Es un arte ya olvidado. Entrar al cuarto oscuro y esperar, no sin incertidumbre, que la imagen aparezca en el negativo y luego en el papel fotosensible. Para algunos puede resultar difícil imaginar (o recordar) una época en la que una fotografía implicaba más pasos que la gratificación instantánea de mirar una pantalla. Durante años, bajo la luz roja de un laboratorio, remojaba la película en químicos, esperaba tras el baño, remojaba en otros químicos, dejaba secar y repetía el proceso. Las cintas de película de 35 milímetros, mágica tripa que revelaba 36 imágenes lentamente digeridas. Había expectación y demora en la recompensa. Encontrar esas imágenes eran un bálsamo que premiaba la espera. Era un feliz trabajo analógico que lo digital haría obsoleto. Revelar es una forma de rebelarse a su tiempo. La búsqueda de una sensación diferente.

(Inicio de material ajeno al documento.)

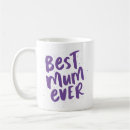 Recherche de fête des mères tasses Meilleure maman jamais
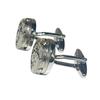 Kamakura Cufflinks Workshop Silver Round Watch Movement Cufflinks Cf270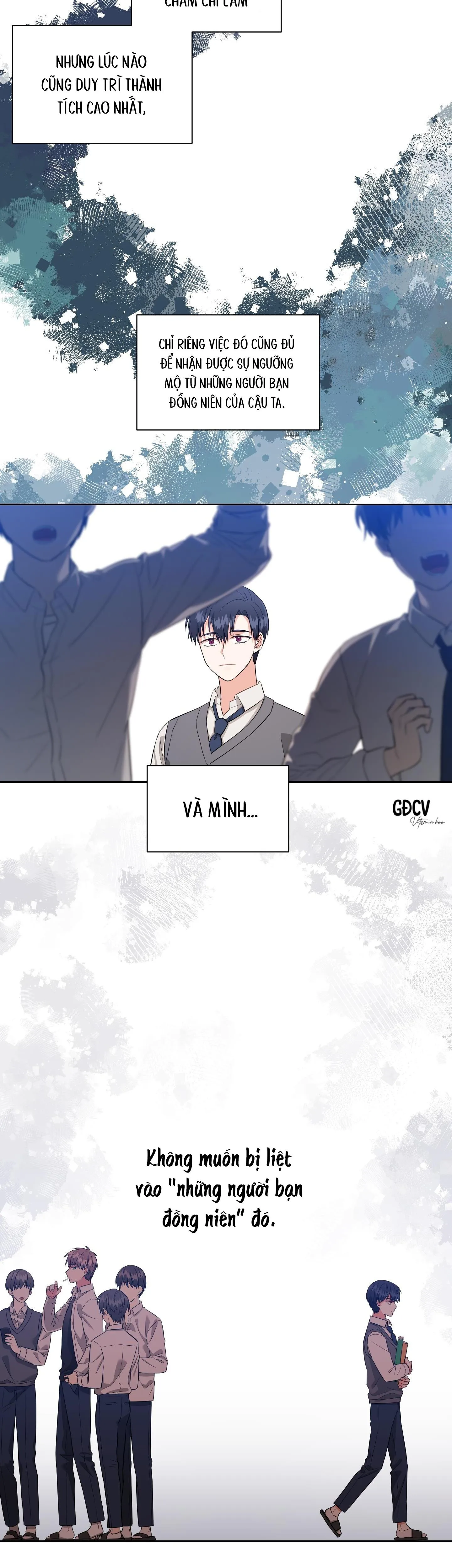 CUỘC TRÒ CHUYỆN CẦN THIẾT CỦA ĐÔI TA Chapter 5 Trang 21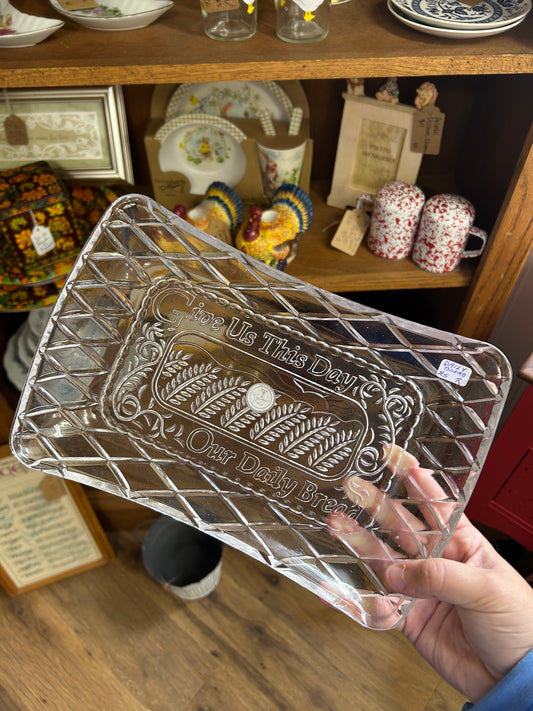 Give Us This Day Our Daily Bread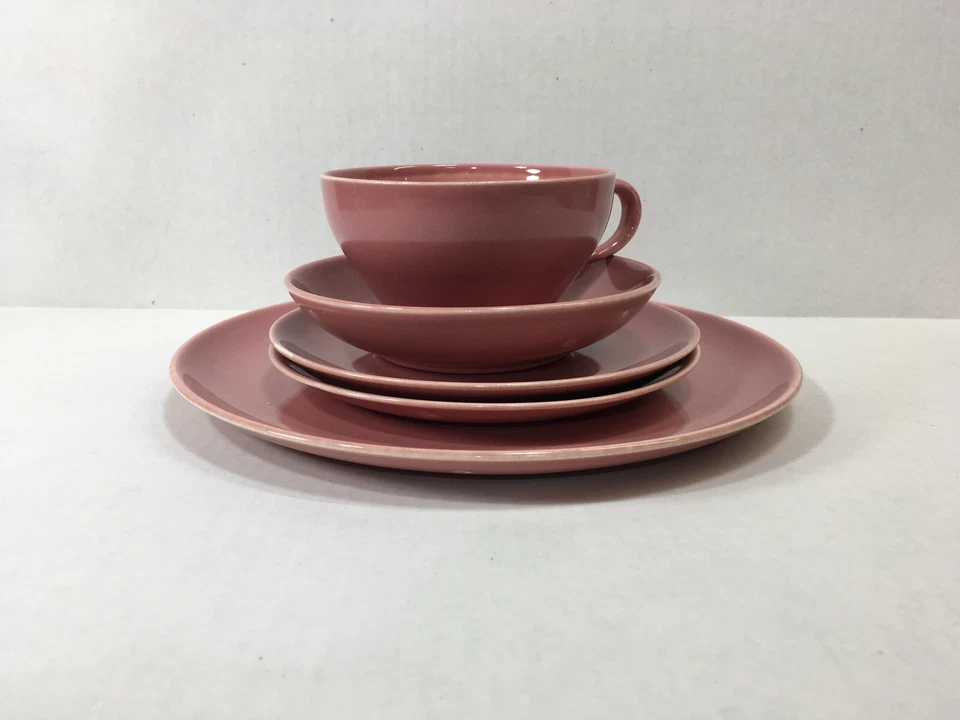 HARMONY HOUSE OVEN PROOF DINNERWARE by UNIVERSAL EXCL for SEARS  5 PIECE SERVING - Image 4 of 4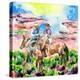 Stretched Canvas Print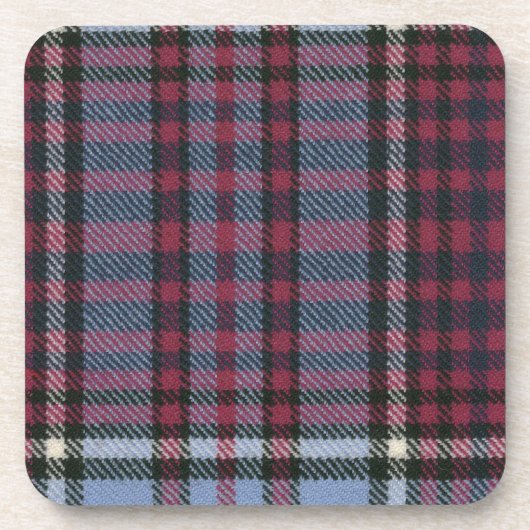 カナダ空軍のタータンチェックのコルクのコースター6パック コースター (正面)
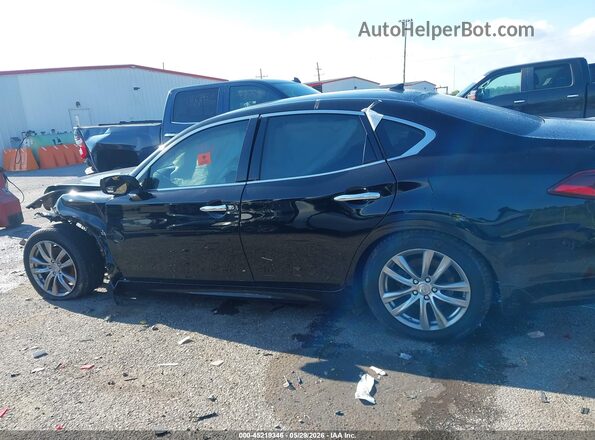 JN1BY1AP3JM180199 2018 INFINITI Q70 Black 360 interior view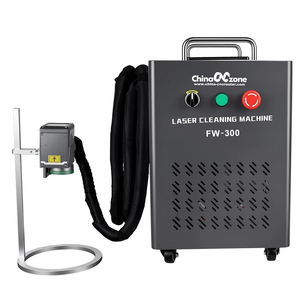 Macchina per la pulizia <span class=keywords><strong>laser</strong></span> a impulsi JPT da 300W per la rimozione di <span class=keywords><strong>ruggine</strong></span>, olio, vernice, metallo, legno, pareti, auto, pulitore <span class=keywords><strong>laser</strong></span> a raffreddamento, disponibile in UE. - Product Image 1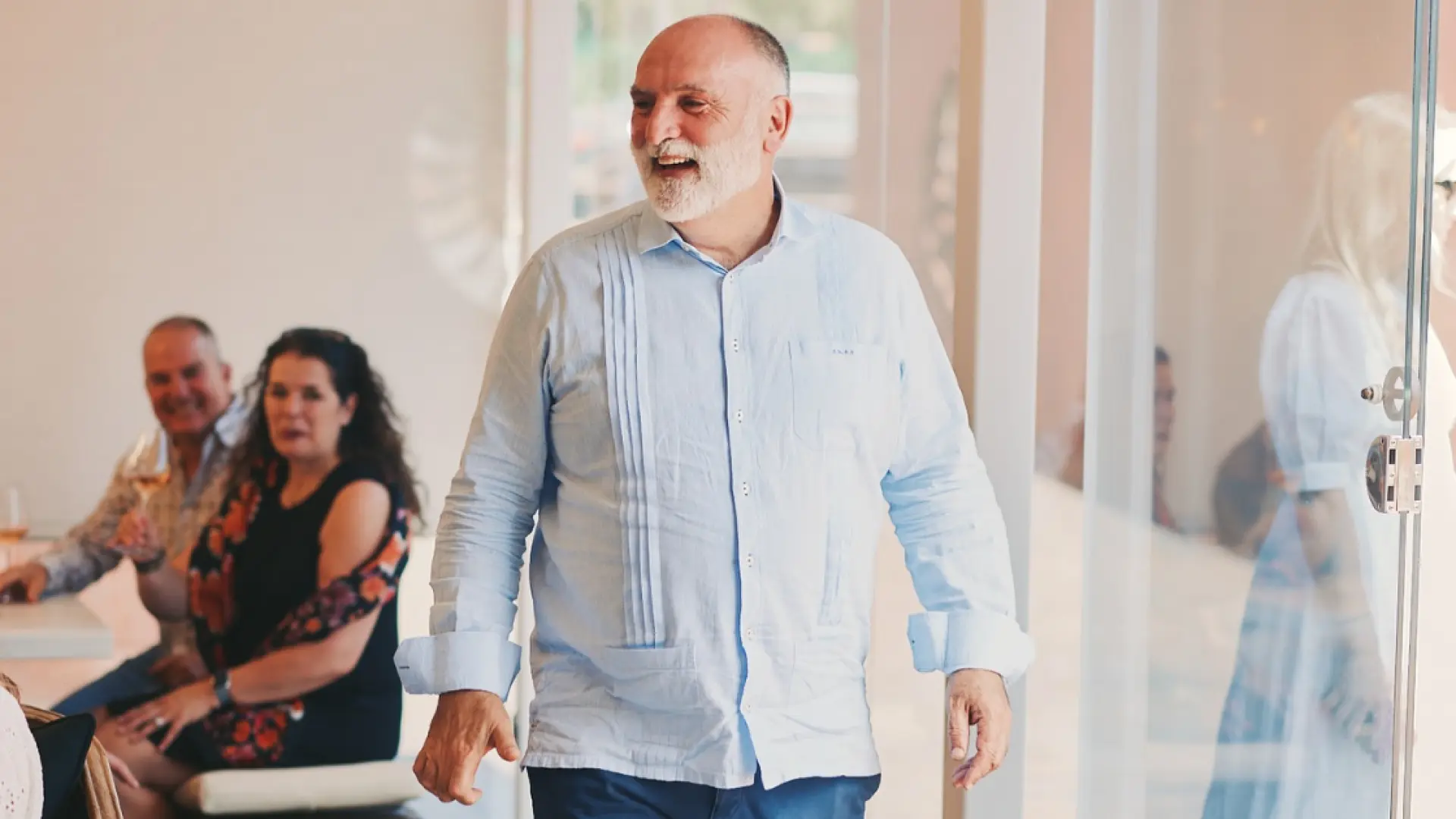 El chef José Andrés tiene un ingrediente secreto para que los garbanzos sean siempre un éxito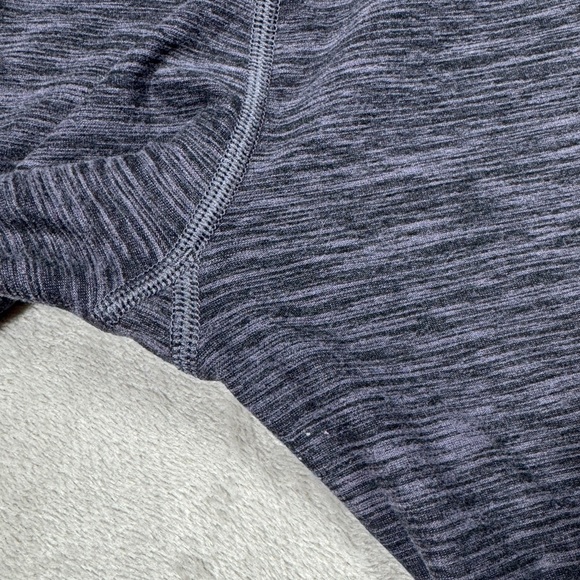 Victoria’s Secret Heather Purple Grey Athletic Leggings Size 10 - Picture 12 of 15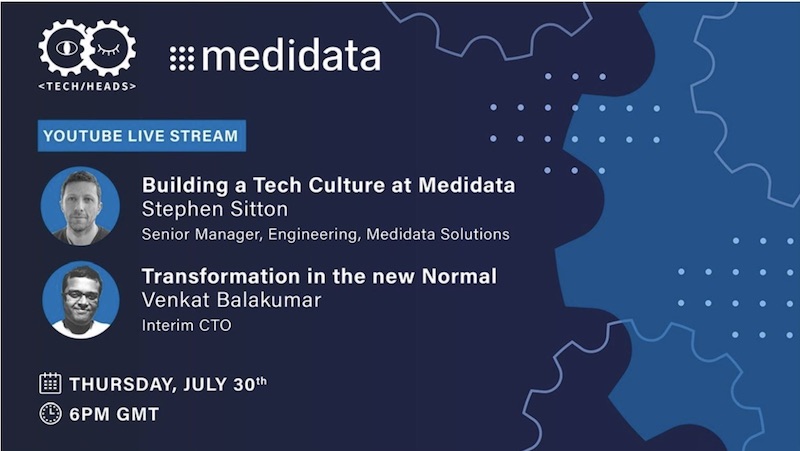 Meetup talk: Building a Tech Culture at Medidata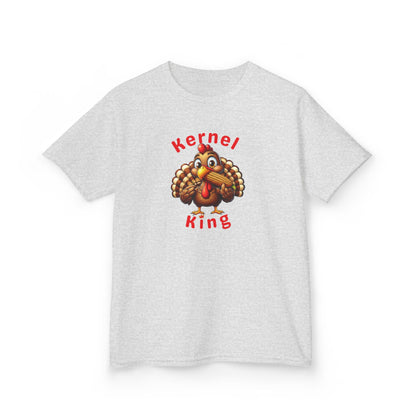 Kernel King – Boys Thanksgiving Cotton T-Shirt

En un cajón, aún conservo algunos rollos no revelados, duermen un sueño de imágenes que no alcanzarán el laboratorio. Ya he olvidado además qué contienen. Y aunque conmueven aquellos pequeños tamborcitos de latón, y sé que mi espacio de almacenamiento es limitado, algo me impide deshacerme de ellos. Al fin y al cabo, son esas tiras de película, y no las copias de papel que prometen, las que constituyen una obra original. Esos negativos son el mecanismo para reproducir una obra que, aunque olvidada, me sigue perteneciendo. Es mi derecho recuperar, algún día, ese fotograma de la desmemoria.
Fósiles de la fotografía, los negativos aguardan en el cajón como trilobites en la vitrina de un museo de ciencia. Y, sin embargo, su naturaleza se niega obstinadamente a adentrarse en la noche de la historia. Viven curiosos renacimientos por la demanda de fotógrafos hípsters o en casos de descubrimientos fortuitos. Los negativos de película siguen siendo el alma del oficio, la partitura intemporal que, como decía el fotógrafo Ansel Adams, espera una futura y magnífica interpretación.